[Short web captions]
● ● ● ● ● ● ●

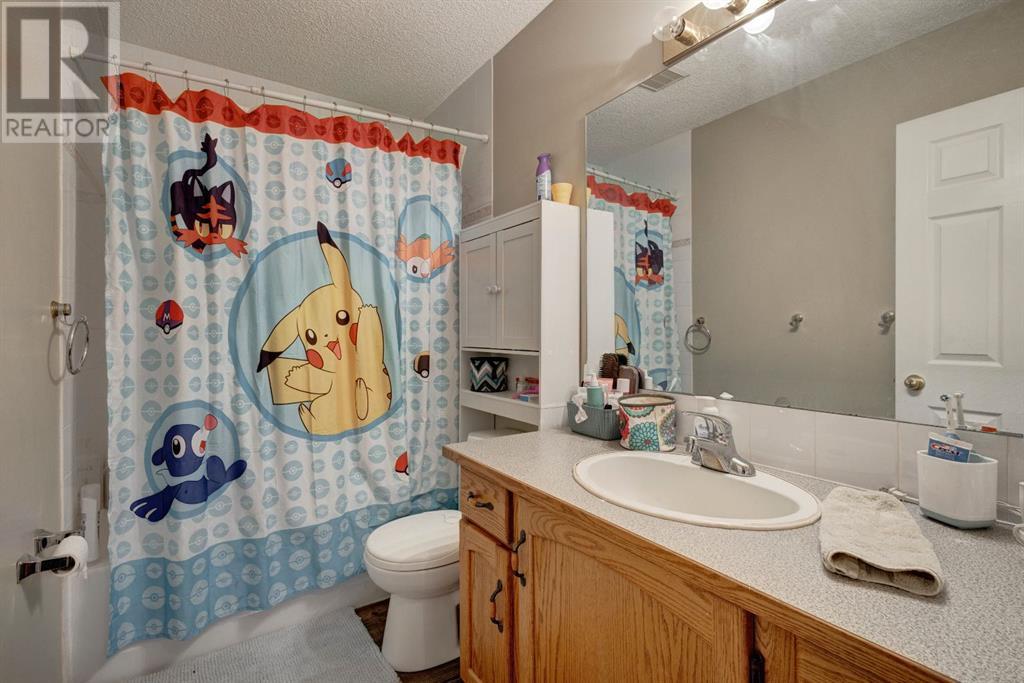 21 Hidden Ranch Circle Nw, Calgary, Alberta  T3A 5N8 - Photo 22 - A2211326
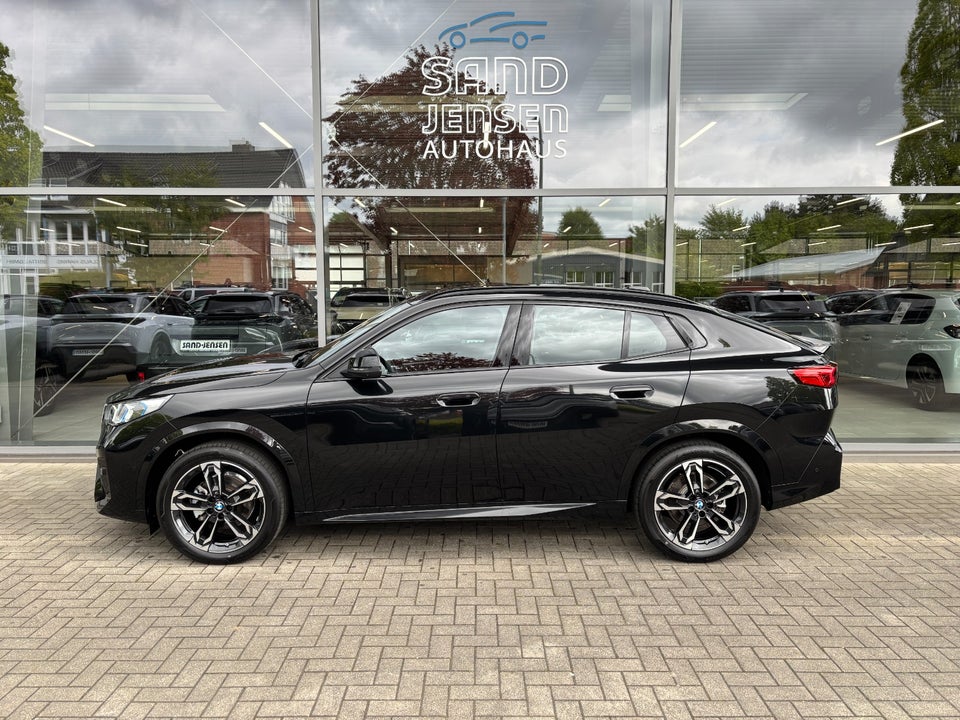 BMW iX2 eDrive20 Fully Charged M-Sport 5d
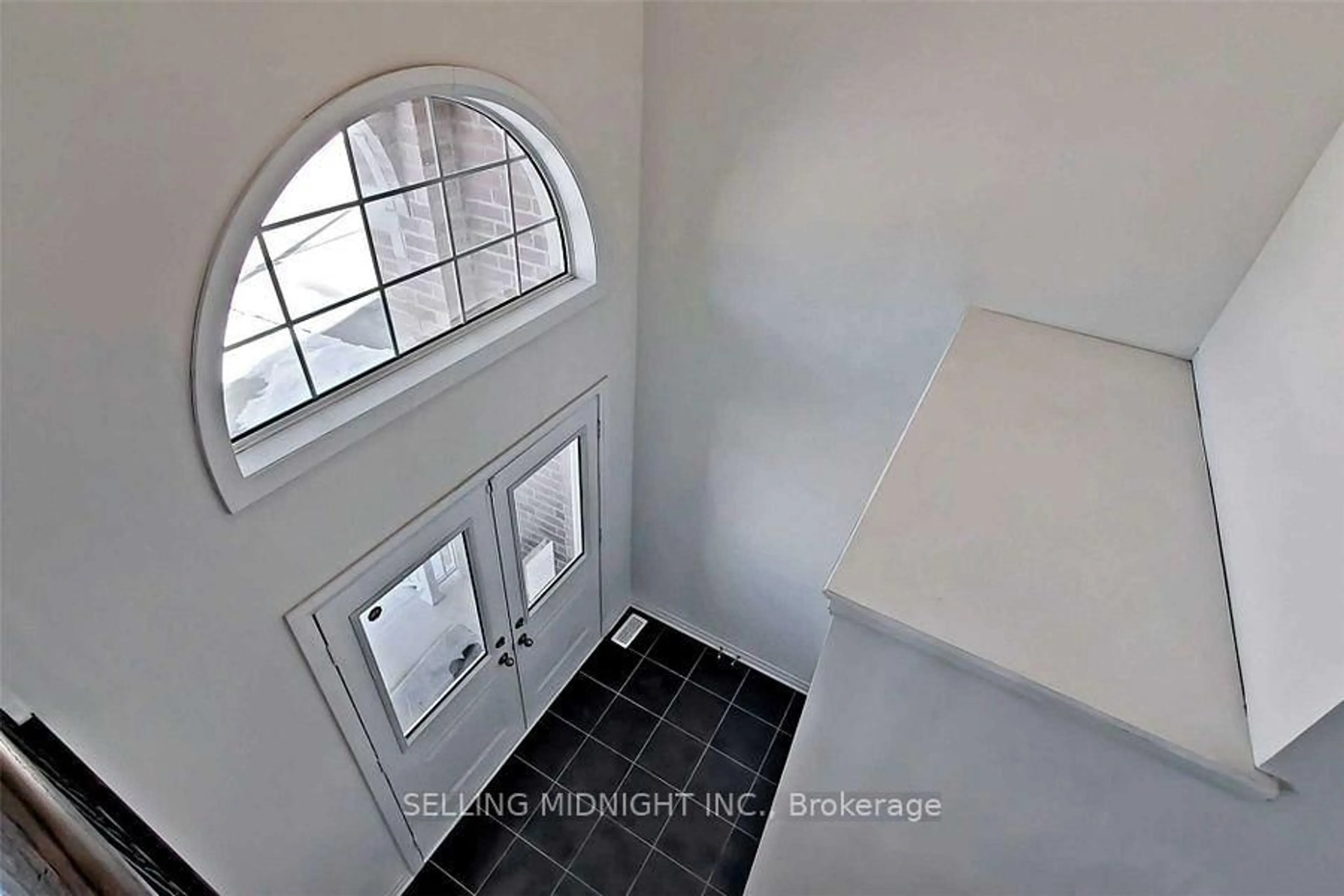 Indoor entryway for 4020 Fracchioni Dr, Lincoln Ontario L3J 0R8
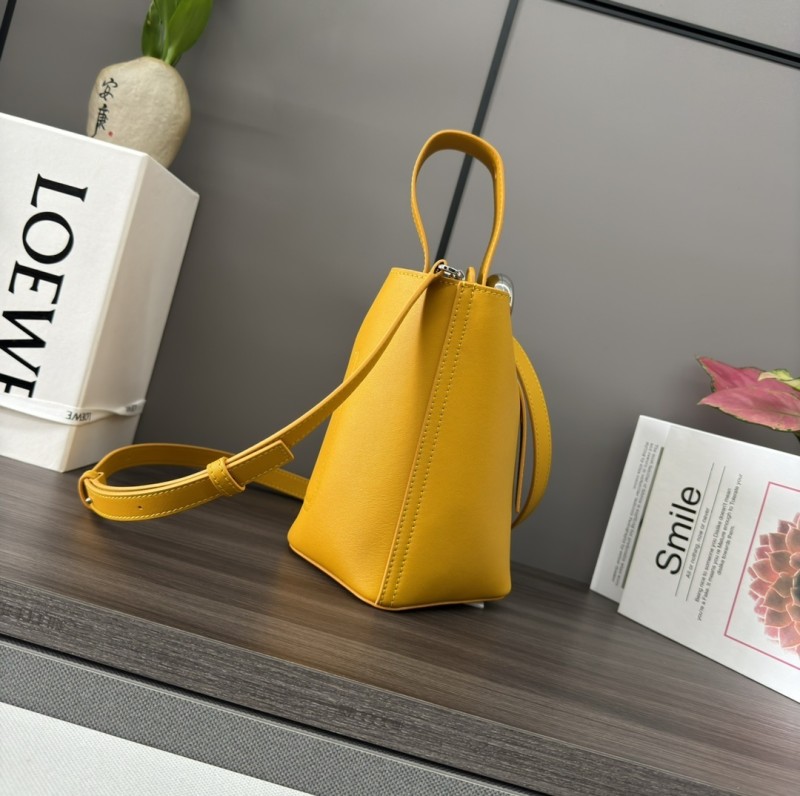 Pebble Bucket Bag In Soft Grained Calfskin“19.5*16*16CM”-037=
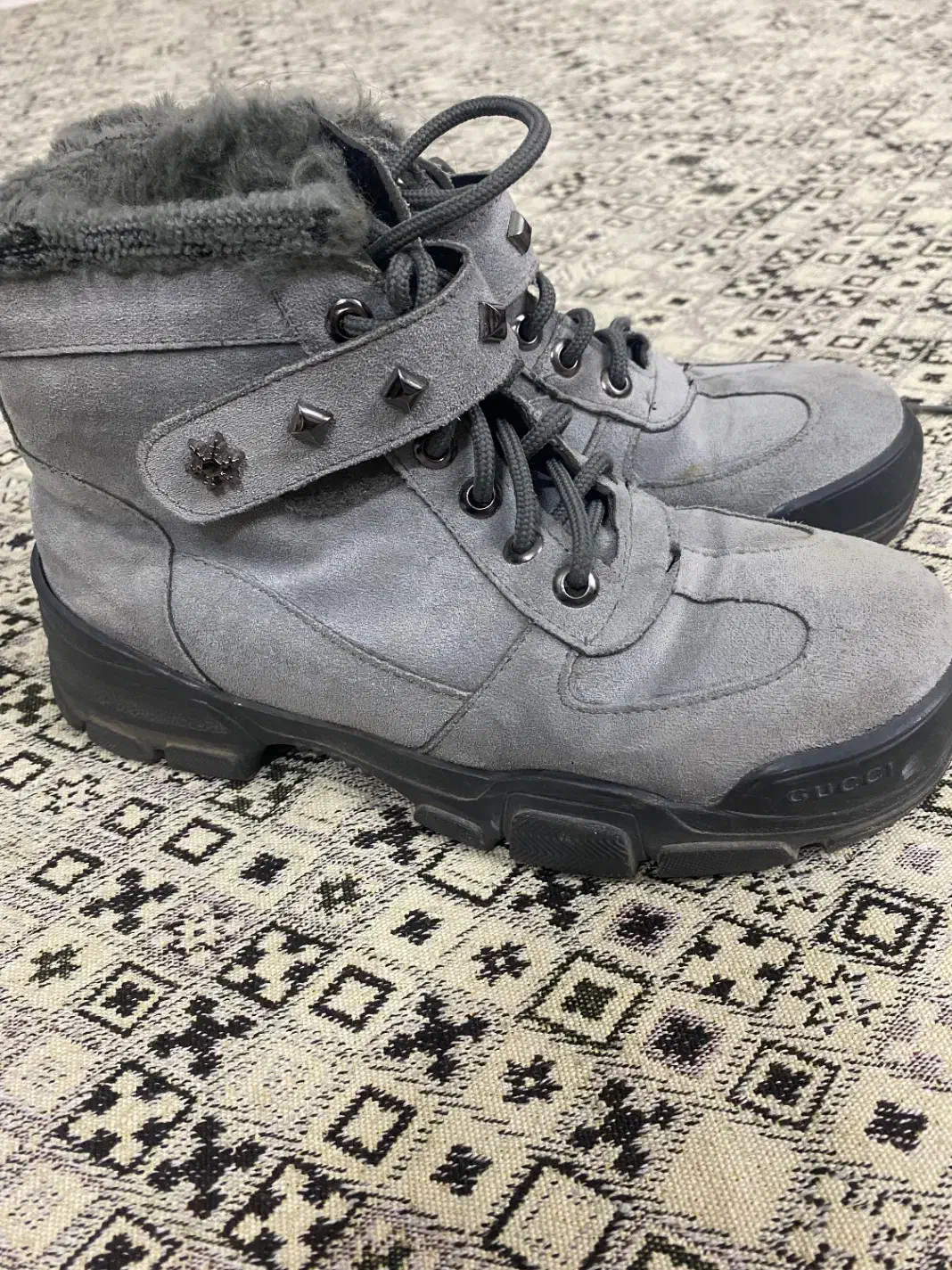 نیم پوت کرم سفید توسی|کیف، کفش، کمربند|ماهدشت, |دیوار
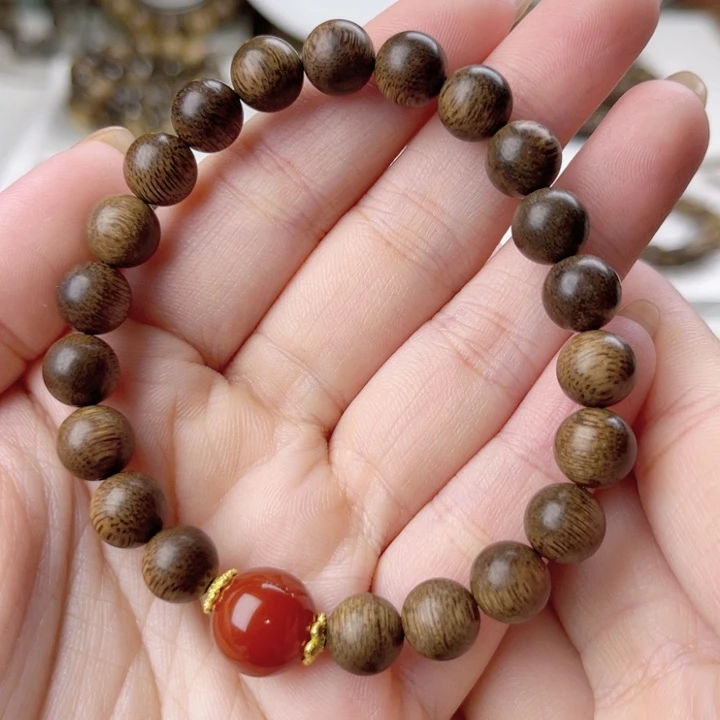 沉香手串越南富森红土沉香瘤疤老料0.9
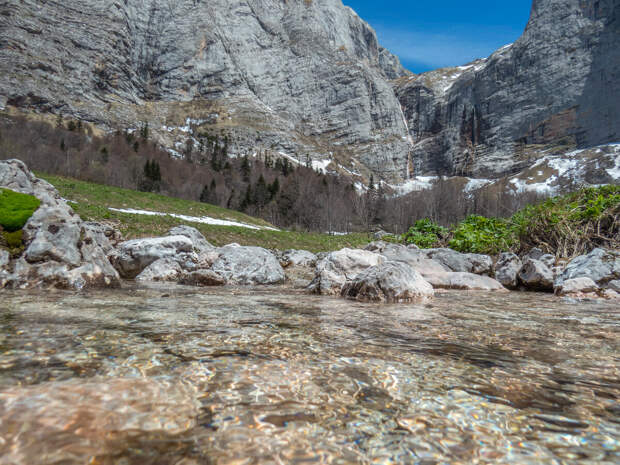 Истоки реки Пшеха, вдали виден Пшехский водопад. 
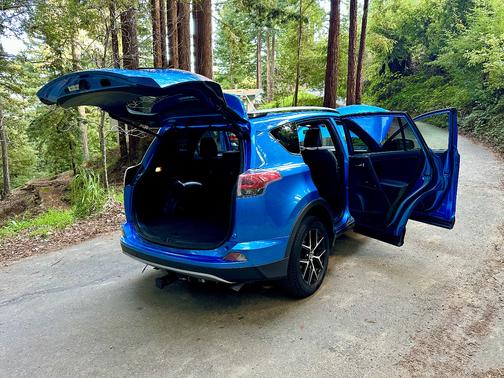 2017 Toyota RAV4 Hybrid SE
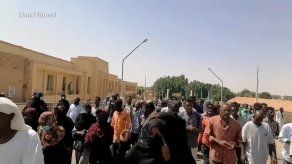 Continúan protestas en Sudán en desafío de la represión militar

● ● ● ● ● ● ●

Give every record again word for word, pictures excluded.

 21 Hidden Ranch Circle Nw, Calgary, Alberta  T3A 5N8 - Photo 22 - A2211326
 BMW iX2 eDrive20 Fully Charged M-Sport 5d
 Indoor entryway for 4020 Fracchioni Dr, Lincoln Ontario L3J 0R8
 Pebble Bucket Bag In Soft Grained Calfskin“19.5*16*16CM”-037=
 نیم پوت کرم سفید توسی|کیف، کفش، کمربند|ماهدشت, |دیوار
 沉香手串越南富森红土沉香瘤疤老料0.9
 Истоки реки Пшеха, вдали виден Пшехский водопад. 
 2017 Toyota RAV4 Hybrid SE
 Continúan protestas en Sudán en desafío de la represión militar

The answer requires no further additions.